喜温嗜酸硫杆菌SM-1的ROS防护机制

【目的】从基因组水平探讨生物冶金微生物——喜温嗜酸硫杆菌(Acidithiobacillus caldus)的活性氧类物质(Reactive oxygen species,ROS)防护机制。【方法】采用罗氏454 GS FLX测序平台对喜温嗜酸硫杆菌SM-1进行全基因组测序,利用NCBI非冗余蛋白数据库、Uniport蛋白数据库对全基因组序列进行功能注释,并采用基因组百科全书数据库(KEGG)进行基因组代谢途径重构,通过比较基因组学方法分析SM-1基因组中参与ROS防护相关的基因及可能的分子机制。【结果】SM-1细胞内的酶促抗氧化系统可用于清除细胞内产生的ROS物质,而非酶促抗氧化系统可用于维持细胞内的还原性内环境;细胞内的DNA损伤修复系统可用于修复DNA的氧化损伤从而保持个体遗传物质的稳定性。此外,SM-1基因组中大量的转座元件可能会增加基因组的可塑性以适应极端冶金环境。【结论】SM-1基因组序列的获得为从整体水平揭示喜温嗜酸硫杆菌适应生物冶金环境ROS氧化损伤的防护机制提供了帮助,对于SM-1的ROS防护机制的认知也为进一步通过遗传改造、提升其在高浓度重金属离子冶金环境中的抗性、提高冶金效率提供了理论指导。

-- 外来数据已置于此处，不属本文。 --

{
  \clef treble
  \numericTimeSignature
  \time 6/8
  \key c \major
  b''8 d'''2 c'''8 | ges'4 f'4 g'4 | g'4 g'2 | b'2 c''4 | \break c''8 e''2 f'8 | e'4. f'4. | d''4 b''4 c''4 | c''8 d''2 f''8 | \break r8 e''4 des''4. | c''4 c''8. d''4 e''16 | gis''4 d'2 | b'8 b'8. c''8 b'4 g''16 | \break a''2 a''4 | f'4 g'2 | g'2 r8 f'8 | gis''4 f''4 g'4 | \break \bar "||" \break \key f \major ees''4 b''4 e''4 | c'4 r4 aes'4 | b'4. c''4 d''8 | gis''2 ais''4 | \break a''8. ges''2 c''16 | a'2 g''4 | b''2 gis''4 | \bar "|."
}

Defense mechanisms of Acidithiobacillus caldus SM-1 responding to reactive oxygen species

Objective] To discover the defense mechanisms of Acidithiobacillus caldus SM-1 responding to reactive oxygen species at the whole genome level. Methods] The genomic DNA of At. caldus SM-1 was sequenced by the Roche 454 Genome Sequencer FLX instrument. Gene function was annotated by homology searching in the NCBI NR (non-redundant) and UniProt protein database. The KEGG database was used to reconstruct the metabolism pathways in the cell. Genes related to ROS defense mechanisms were identified through the comparative genomic analysis. Results] Enzymatic and non-enzymatic antioxidant systems were both identified in the SM-1 genome. The former was used to eliminate the ROS and the latter was utilized to provide a reducing intracellular environment through maintaining the redox homeostasis in the cell. The robust DNA repair system was used to deal with DNA oxidative damage. In addition, whether the large number of transposable elements in the SM-1 genome might enhance the genome plasticity for adaptation to extreme bioleaching environments is still need further interpretation. Conclusion] Genome sequence of SM-1 will help us to discover the ROS detoxification mechanisms of SM-1, and this will give us insights to construct the engineered stains with better bioleaching performance.